I lift a brow. “That sounded like you trying to convince yourself.”

“Maybe.” His mouth twitches. “But I’m also very good at being right.”

I laugh once, short and shaky. “Do you think Gage knows about… any of this?”

“Gage knows enough to be dangerous,” Knight says. “Not enough to connect this thread yet.”

I chew on the inside of my cheek. “Because if Serafina is hunting Dean⁠—”

“Then everyone connected to Dean is a chess piece,” Knight finishes.

“And Luka just put a price tag on the board.”

He nods. Then his expression shifts—sharpens. He reaches for the duffel again, methodical now. “Okay,” he says. “We’ve got maybe forty minutes before we move. We need a faster exit plan than the front door. We need fresh clothes. We need to kill any pattern.”

I stare. “How do you get so calm so fast?”

He pauses. “Because you’re watching me,” he says simply. “And I refuse to be the man you regret trusting.”

My chest tightens. “Knight⁠—”

He steps closer.

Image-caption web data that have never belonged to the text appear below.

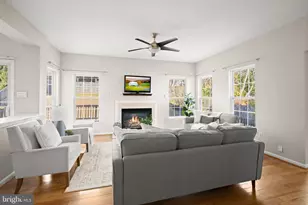 122 Farmbrook Ln, Hanover, MD 21076 - Photo 11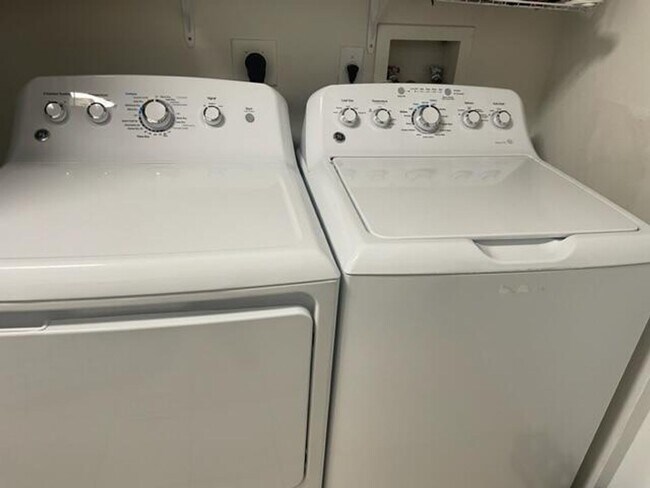 Building Photo - 3408 Tuscany Way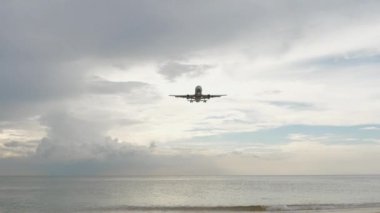 Okyanus üzerinden yaklaşan uçak.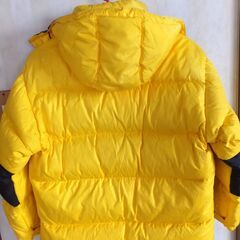 美品‼　黄色　ダウンジャケット　もこもこ暖かい　Lサイズの画像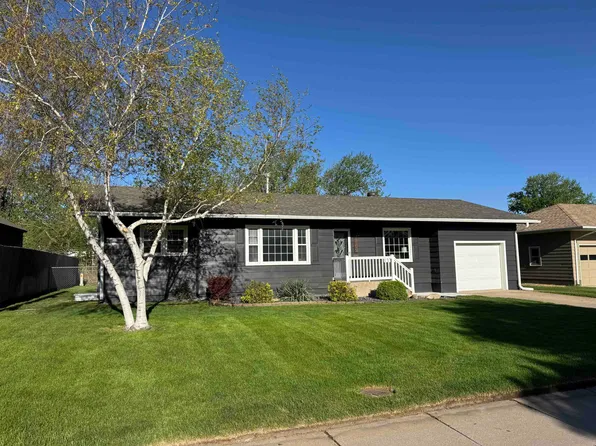 1109 Tilden St, Holdrege, NE 68949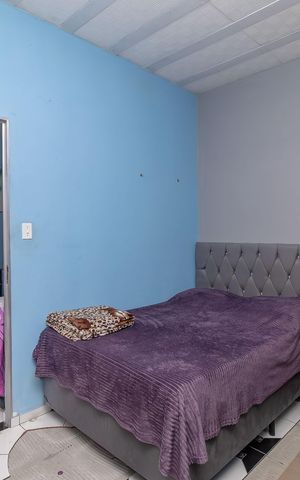Casa à venda com 200m², 5 quartos e 3 vagas Casa à venda com 200m², 5 quartos e 3 vagasQuarto Casa 3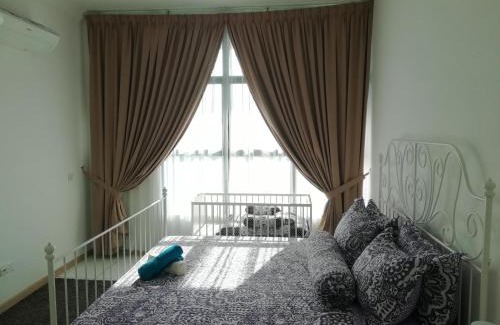 Seksyen 14 House | Comfortable Stay at Guesthouse in Shah Alam with Pool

His voice drops. “Listen to me, Birdie. Northstar, Serafina, Luka—whatever name they want to wrap around this—none of it changes the core truth.”

“What truth?”

He cups my face with both hands, steady and warm. “That you’re not prey,” he says. “And I’m not done building a future with you.”

I swallow. My throat is too full of feelings for words. So I do the only thing that makes sense.

I kiss him. It’s a kiss that says we’re still here.

He kisses me back with that same desperate certainty, like he can lock us together hard enough to keep the world out.

When we break apart, he rests his forehead against mine. “Okay,” he murmurs. “We run smart now.”

“Together,” I say.

“Always.” He grabs the burner again.

I grab the bat.

And the two of us start packing our survival into one bag like this is just another night. Like hit lists and ancient ops and revenge ghosts are problems we can solve. Maybe that’s delusional. Maybe it’s the only reason we’re still breathing.

Either way⁠—

We’re done hiding.

We’re going to end this.

Before Northstar turns our love story into a body count.

NINETEEN

AEGIS

KNIGHT

I tell myself I’m calm.

I tell myself I’m in control.

I tell myself I’m not spiraling into the kind of protective madness that makes men do stupid, heroic, deeply unwise things.

Then Lark yawns in the passenger seat and tucks her hand into my thigh like she belongs there, and my brain immediately starts mapping fifteen different ways to keep her alive even if I have to become the villain in my own story.

Arrow’s drop route came in the way he promised it would—fragmented, clean, annoying.

A street name.

A landmark.

A time window.

A passphrase that makes me resent him and respect him in equal measure.

We ditch the car in a paid lot two blocks away and switch vehicles again. Maddox logistics are a beautiful kind of paranoia. The car waiting for us is nondescript and forgettable, which is exactly what you want when your faces are worth sixty Bitcoin and a man with a grudge has decided to turn your existence into a profit event.

Halo City is a blur of late-night lights and wet pavement.

It’s close enough to our world to feel familiar. Far enough to feel like exile.

The safehouse sits over a quiet corner of downtown—three stories up, above a closed boutique and a coffee place with the kind of minimalist aesthetic that screams “we charge twelve dollars for oat milk.”

The building itself looks boring.

That’s the point.

Arrow called it Aegis.

He didn’t elaborate, but the name does the job.

Aegis: a shield.

A promise.

A threat.

We ride the elevator in silence, both of us tired in that bone-deep way adrenaline leaves behind when it finally drains. Our reflections in the brushed steel look like two people who survived something sharp.

When the doors open, I spot the keypad first. Then the camera angle. Then the discreet lock plate that says Maddox Security without a logo.

Lark notices too.

“Maddox doesn’t do subtle,” she murmurs.

“They do subtle,” I say. “They just also do effective.”

I punch in the code plus the secondary digit string Arrow sent separately. The lock clicks. The door opens.